Local Journalism Initiative

Almost 40 years ago, Quebec film maker, Denys Arcand, released Le déclin de l’empire américan.  It was the first of a trilogy of films all set in Quebec with story lines that directly or indirectly examined higher education, health care, and the justice system.

Arcand has been widely recognized for his films which have won an Academy Award as well as awards at the Cannes Film Festival and numerous other film festivals as well.

The title, Le déclin de l’empire américan, comes from a line of dialogue in the film.  A history professor is discussing a book she has just written that deals with modern society’s penchant for self-indulgence.  This societal egocentricity is the opposite of the selflessness and self-sacrifice that mark societies that are growing and flourishing.  The self-absorption in today’s society, the history professor argues, is a sign that the American empire is in decline.  Quebec, the history professor notes, is on the periphery of the American empire and is similarly experiencing societal decline.

One of the signs of this decline is the systemic injustice that permeates academia.  Any given undergraduate university course might be taught by a lecturer or by a professor.  The work involved in preparing a course is the same for both, but while the professor will earn a six-figure salary for teaching three courses over the course of the school year, the lecturer will be paid a few thousand dollars per course.  Worse, in a publish-or-perish environment, professors routinely affix their own names to work done by their graduate students.

The corruption to be found in Arcand’s first film is just as present in the other two films of the trilogy.  Be it in health care or the legal system, the characters in Arcand’s films time and again find themselves dealing with institutions that have been corrupted by greed.

Not quite four decades after Le déclin, the phrase that is popping up on You Tube is the collapse of the American empire.  Among others commenting on the collapse is Richard D. Wolfe who, in addition to hosting Economic Update, a weekly podcast, is the author or several books and a professor emeritus who taught at a couple of American universities and also briefly at the Sorbonne in Paris.  Wolfe is unusual in that he is a Marxian economist who is very critical of American capitalism.  (Being a Marxian is just different enough from being a Marxist that Wolfe can avoid arrest; it is illegal to be a Communist (or Marxist of Leninist) in the United States.)

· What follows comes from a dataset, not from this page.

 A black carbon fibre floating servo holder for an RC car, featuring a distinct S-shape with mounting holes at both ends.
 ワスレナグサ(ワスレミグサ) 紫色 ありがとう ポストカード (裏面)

Not unlike Arcand, Wolfe points out that corruption has permeated America and, although few are aware of it, the American empire (an economic empire backed up by the biggest arsenal in the world) has already begun to collapse.  From Wolfe’s perspective, this is due in part to corruption which is fueled by capitalism and greed.

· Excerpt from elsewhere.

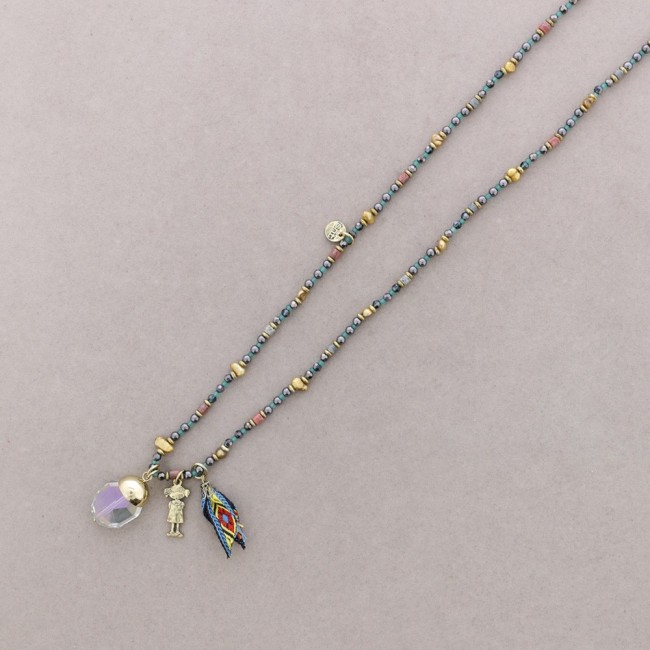COLLAR LARGO PIEDRAS COLGANTE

Le déclin was filmed just as Quebec’s schools were about to make a massive educational reform.  This reform was American in origin.  It minimized the idea of right and wrong by abandoning the old school emphasis on grammar, spelling, and syntax.  It no longer asked students what they thought about a poem, story, or novel, but rather asked only how that piece of writing made them feel.

Wolfe points out that the American educational system fails the vast majority of the population.  While the rich send their children to expensive private schools, public schools in the United States are severely underfunded and plagued by social problems, violence, and mass shootings.  The result is that today the average American reads at the level of a Grade 5 student. 

It may be worth remembering that the Greeks who first created a democratic system of government were also leery of it.  To function properly, they said, a democratic society needs an educated, well-informed electorate.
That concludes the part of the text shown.